Я, наспех, перетянул обрубок пальца куском поданной кем-то верёвки. Женщина слабо возражала, когда мы завели её в дом Фадея Паныча. Пришлось обработать самогоном иголку и нитку, наложить пять швов, не стягивая кожу до конца.
- Теперь можно домой, - заботливо поддерживая за плечи, накинув на женщину, что-то типа плаща, Паныч повёл её во двор.
- Прости, сосед, за испорченный колодец!
- О чём ты? Давно хотел новый сделать. В том, брёвна подгнивать почали.

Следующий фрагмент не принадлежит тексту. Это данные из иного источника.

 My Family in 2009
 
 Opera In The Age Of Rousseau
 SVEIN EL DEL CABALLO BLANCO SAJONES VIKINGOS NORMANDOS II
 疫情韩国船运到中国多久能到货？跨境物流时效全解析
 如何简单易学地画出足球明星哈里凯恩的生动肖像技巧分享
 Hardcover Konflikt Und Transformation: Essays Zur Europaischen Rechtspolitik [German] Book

Человечность впервые проступила в поведении мужчин: каждый предлагал помощь, Волошин распределял работу, организуя всё необходимое для завтрашних похорон.
- Копать рядом с дедом будете. Бабка погодит. Пусть живёт - дочке помогает.

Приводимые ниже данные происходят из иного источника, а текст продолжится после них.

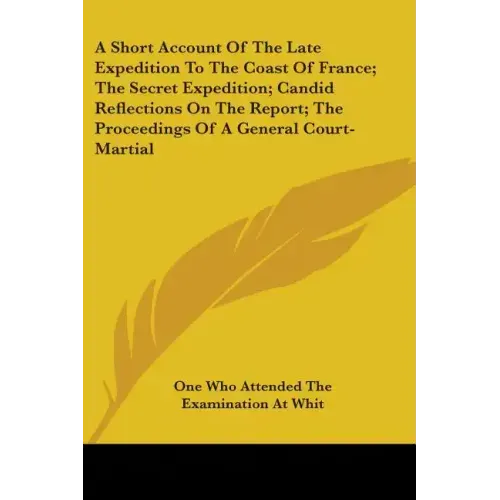 A Short Account Of The Late Expedition To The Coast Of France; The Secret Expedition; Candid Reflections On The Report; The Proceedings Of A General C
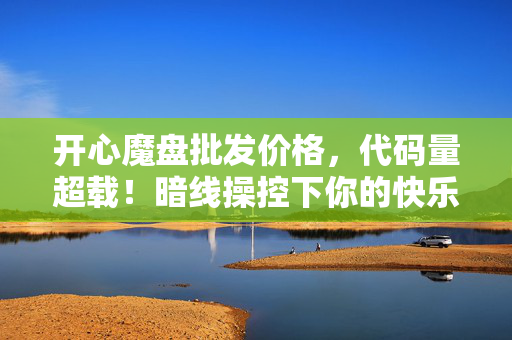 开心魔盘批发价格,代码量超载!暗线操控下你的快乐竟被开心魔盘头皮发麻地计算着? 开心魔盘批发价格,代码量超载!暗线操控下你的快乐竟被开心魔盘头皮发麻地计算着?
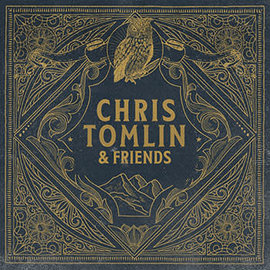 CD - Chris Tomlin & Friends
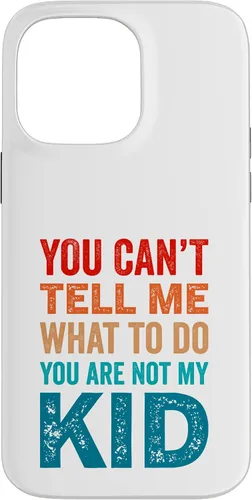 Vista 21 de You Can't Tell Me What To Do You Are Not My Kid Case for iPhone 16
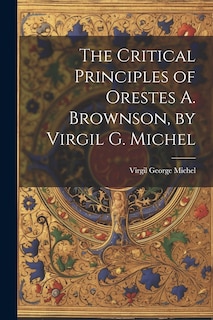 Couverture_The Critical Principles of Orestes A. Brownson, by Virgil G. Michel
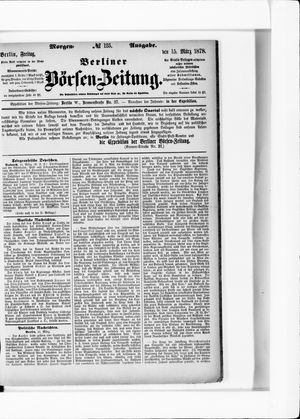Berliner Börsen-Zeitung vom 15.03.1878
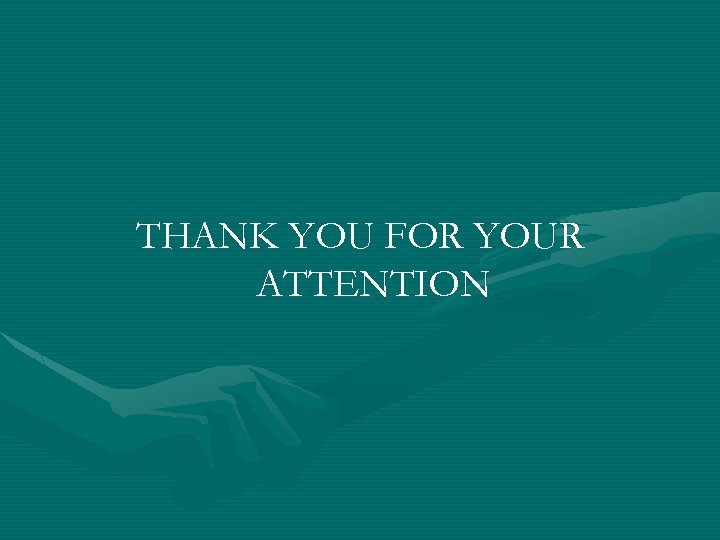 THANK YOU FOR YOUR ATTENTION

- Не знал, что русалки такие страшные. У нас в сказках — это милашки с рыбьими хвостами. Максимум моряков пением заманивают.
- Ну, скорее, это зависит от того, какой девушка была при жизни. Любин нрав всему селу был известен, - рассказал Волошин. - Знаю, что при жизни она мало кого любила. Собственная мать от неё наплакалась. Дуня единственной подругой была...и вот как обернулось. Мы так думали, что она жить не схотела, когда Дуняша Матвея на Поляне нашла.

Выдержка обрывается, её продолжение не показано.